Powell, like Farage and Trump before him, was an outsider, and in the late 1960s he tended to operate outside the constraints of the Conservative Party’s publicity machine, determined to continue pitching himself as a potential future party leader.
The essence of my father’s advice to Powell was that to create maximum impact he had to prepare the ground in advance, and that required an understanding of the tricks of the journalist’s trade.
On weekend visits home in the early 1960s, I was often intrigued to find my father and Powell talking animatedly for hours. My father was getting an unprecedented insight into Powell’s thinking as a cabinet minister, and later as member of the shadow cabinet; the MP, who lived a few streets away, was clearly eager to learn all he could about the mechanics of news management.
After an unsuccessful bid for the Tory leadership, he was dissatisfied with the way his speeches were being handled by the party machine, and my father was instructing him on the best way to short-circuit Conservative Central Office.
Father’s advice was that a Saturday afternoon was perhaps the most opportune moment to deliver a hard-hitting political speech. Inevitably there had to be a degree of subterfuge and manipulation. The trick was to deliver an embargoed copy of the speech the previous Thursday or Friday to a hand-picked group of political editors and leader writers on Sunday newspapers. They would see the Saturday afternoon embargo and would seize the chance to get a fresh story for their Sunday editions, safe in the knowledge that it had not been trailed or reported in advance by the daily papers.

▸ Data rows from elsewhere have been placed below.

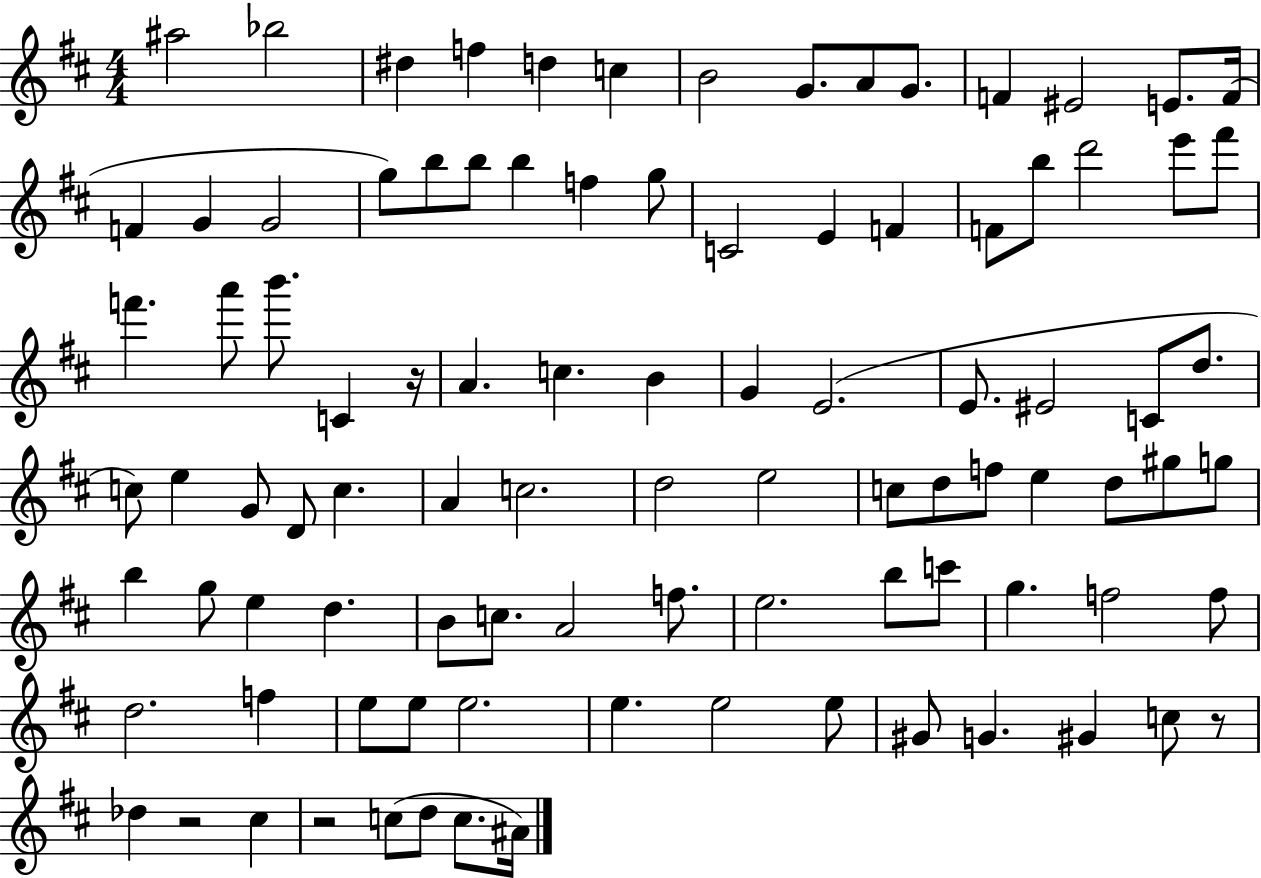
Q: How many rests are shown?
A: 4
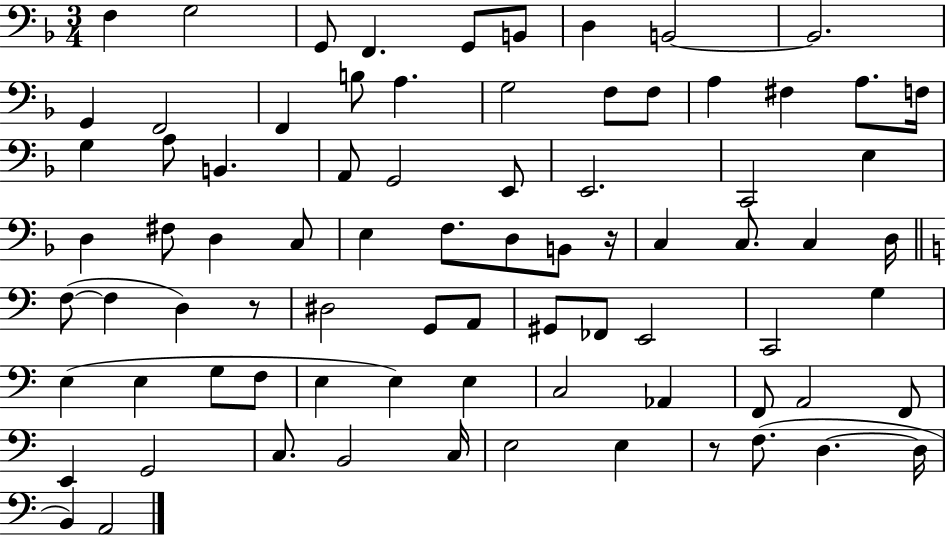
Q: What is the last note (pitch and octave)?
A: A2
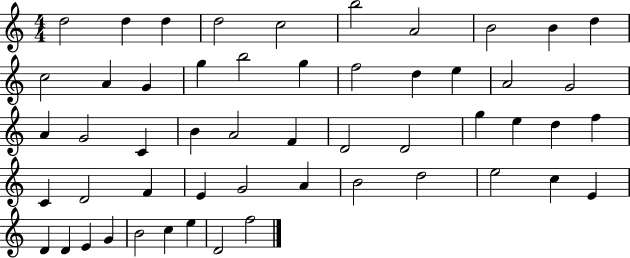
X:1
T:Untitled
M:4/4
L:1/4
K:C
d2 d d d2 c2 b2 A2 B2 B d c2 A G g b2 g f2 d e A2 G2 A G2 C B A2 F D2 D2 g e d f C D2 F E G2 A B2 d2 e2 c E D D E G B2 c e D2 f2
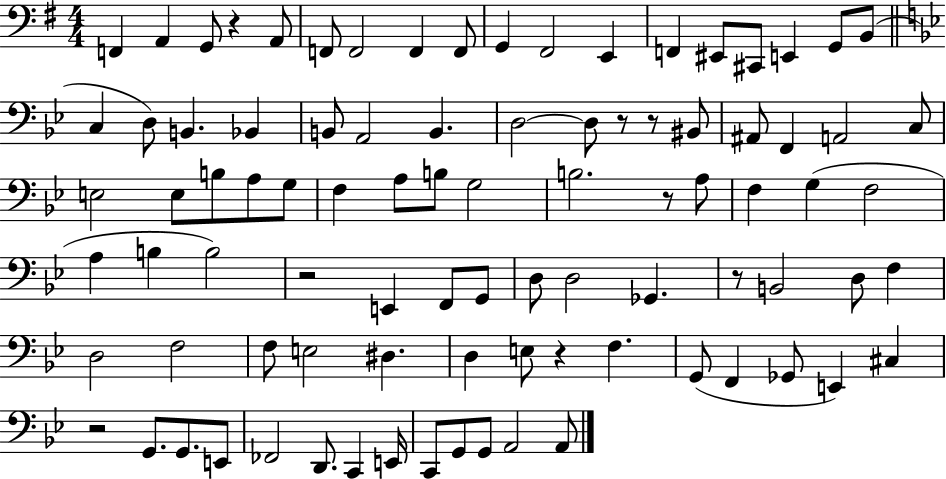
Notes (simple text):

F2/q A2/q G2/e R/q A2/e F2/e F2/h F2/q F2/e G2/q F#2/h E2/q F2/q EIS2/e C#2/e E2/q G2/e B2/e C3/q D3/e B2/q. Bb2/q B2/e A2/h B2/q. D3/h D3/e R/e R/e BIS2/e A#2/e F2/q A2/h C3/e E3/h E3/e B3/e A3/e G3/e F3/q A3/e B3/e G3/h B3/h. R/e A3/e F3/q G3/q F3/h A3/q B3/q B3/h R/h E2/q F2/e G2/e D3/e D3/h Gb2/q. R/e B2/h D3/e F3/q D3/h F3/h F3/e E3/h D#3/q. D3/q E3/e R/q F3/q. G2/e F2/q Gb2/e E2/q C#3/q R/h G2/e. G2/e. E2/e FES2/h D2/e. C2/q E2/s C2/e G2/e G2/e A2/h A2/e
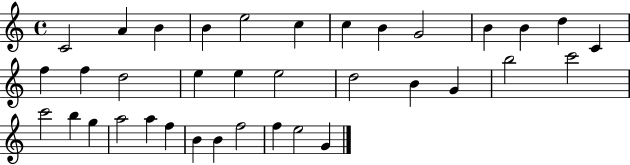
C4/h A4/q B4/q B4/q E5/h C5/q C5/q B4/q G4/h B4/q B4/q D5/q C4/q F5/q F5/q D5/h E5/q E5/q E5/h D5/h B4/q G4/q B5/h C6/h C6/h B5/q G5/q A5/h A5/q F5/q B4/q B4/q F5/h F5/q E5/h G4/q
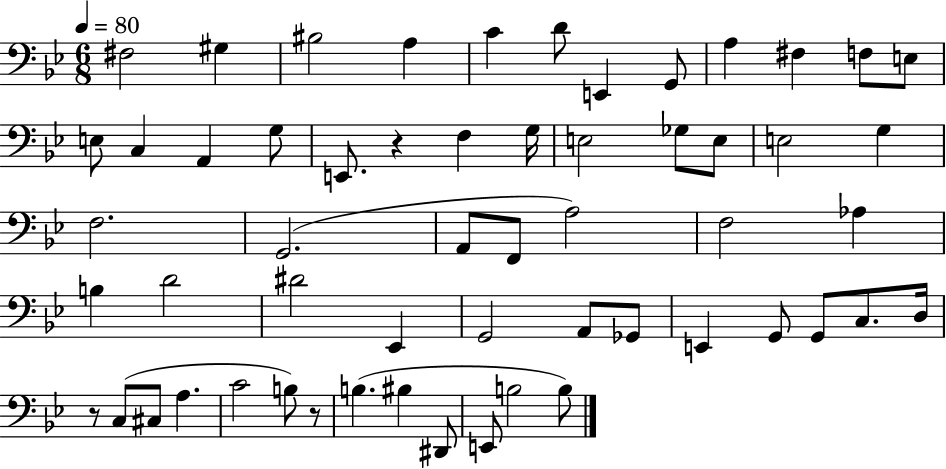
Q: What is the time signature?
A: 6/8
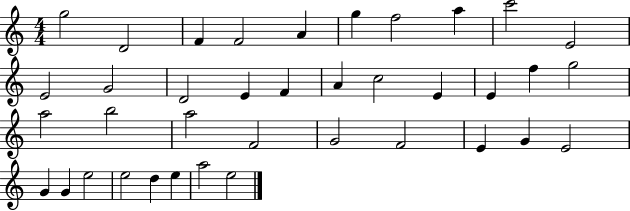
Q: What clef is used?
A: treble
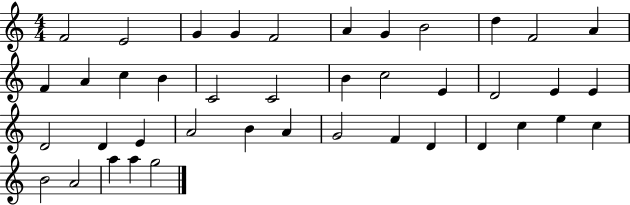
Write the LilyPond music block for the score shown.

{
  \clef treble
  \numericTimeSignature
  \time 4/4
  \key c \major
  f'2 e'2 | g'4 g'4 f'2 | a'4 g'4 b'2 | d''4 f'2 a'4 | \break f'4 a'4 c''4 b'4 | c'2 c'2 | b'4 c''2 e'4 | d'2 e'4 e'4 | \break d'2 d'4 e'4 | a'2 b'4 a'4 | g'2 f'4 d'4 | d'4 c''4 e''4 c''4 | \break b'2 a'2 | a''4 a''4 g''2 | \bar "|."
}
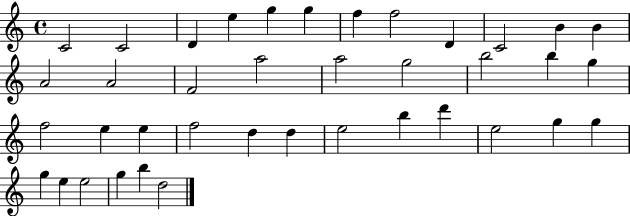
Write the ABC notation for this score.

X:1
T:Untitled
M:4/4
L:1/4
K:C
C2 C2 D e g g f f2 D C2 B B A2 A2 F2 a2 a2 g2 b2 b g f2 e e f2 d d e2 b d' e2 g g g e e2 g b d2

Needless to say, Powell was meticulous in following my father’s advice. But during visits home in the late 1960s I began to detect signs of a slight uneasiness in the Powell-Jones friendship. Wolverhampton had absorbed a large influx of immigrants, mainly West Indians and Kenyan Asians, and there were increasing fears of racial tension in the town. Powell’s first public reference to these local anxieties was in a speech in Walsall in March 1968 in which he described the concern of a constituent whose daughter was the only white girl in her class at primary school. After both the Express and Star and the Birmingham Evening Mail failed to track down either the child or the class, my father challenged Powell about the story.
Three weeks later, during a subsequent visit to my parents’ home, he told them he was planning another speech at three o’clock that coming Saturday afternoon, to be given to West Midlands Conservatives in Birmingham. He would not go into detail, but made the following tantalising comment:
‘Look Clem, I’m not telling you what is in the speech. But you know how a rocket goes up into the air, explodes into lots of stars and then falls down to the ground. Well, this speech is going to go up like a rocket, and when it gets to the top, the stars are going to stay up.’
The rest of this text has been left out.